When released, the restoring force combined with the pendulum’s mass causes it to oscillate about the equilibrium position, swinging back and forth.

The time for one complete cycle, a left swing and a right swing, is called the period.

The period depends on the length of the pendulum as well as to some extent on the position of the weight (the moment of inertia in relation to the center of gravity), and the amplitude (the swing).

Mechanical Clocks are the clocks using a pendulum mechanism for measuring time. It is propelled by the weights, springs or electric source of energy. To measure time, they use the inertia of an oscillatory system – the pendulum, regular or spring-based that uses a spiral spring as a balance controller (+/-)

Anchor escapement mechanism with pendulum / Clockwork with pendulum



Technical design and principle of working

A good example of a self-oscillating system is an anchor escapement mechanism (Pic. Anchor escapement mechanism with pendulum).

The escape wheel with inclined cogs (A) is attached to the sprocket wheel (B) that transmits impulse from the rubber band (C). The top of the pendulum is made in a form of an anchor (D).

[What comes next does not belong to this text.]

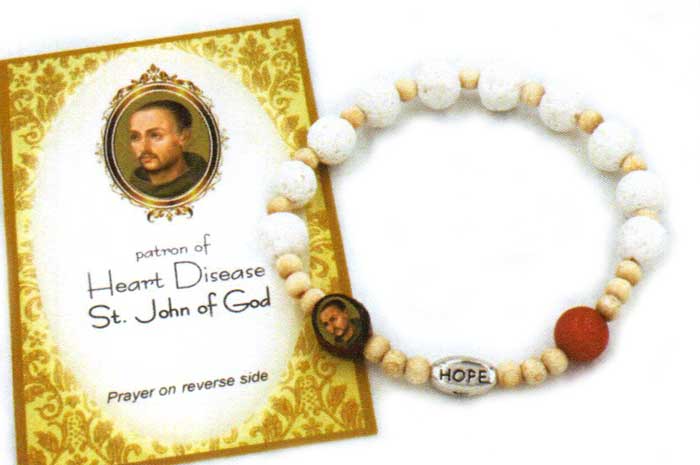 St. John of God White Lava Bead Bracelet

Wall clocks, grandfather clock, tower clock or a watch use a weight as a source of energy. The hand or pocket watch may use a spring to power up and a balance wheel (E) attached to a spiral spring instead of a pendulum. The balance wheel produces rotating oscillations around its radial axis.

The oscillating system in a clock or a watch is a pendulum or a balance wheel. The power source is a weight or a spring. Anchor meshing with escape wheel works as a feedback device. It allows the escape wheel to turn by one cog in one half-a-period.

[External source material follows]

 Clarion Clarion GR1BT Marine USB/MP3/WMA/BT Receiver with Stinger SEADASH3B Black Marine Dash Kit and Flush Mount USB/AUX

Feedback is produced by the anchor meshing with escape. It allows the escape wheel to turn by one cog in one half-a-period. Each half-period of the pendulum oscillation, the cog of an escape wheel pushes the anchor in the same direction while transferring a certain energy impulse that compensates for tension energy loss. Thus, the potential energy of a weight or a spring, gradually in small impulses, transfers to the pendulum.

Mechanical self-oscillating systems are widely used and are found virtually everywhere in our daily lives. The examples are many: steam turbines, combustion engines, electric doorbells, the strings of musical instruments as well as wind instruments, and our vocal cords when we talk or sing.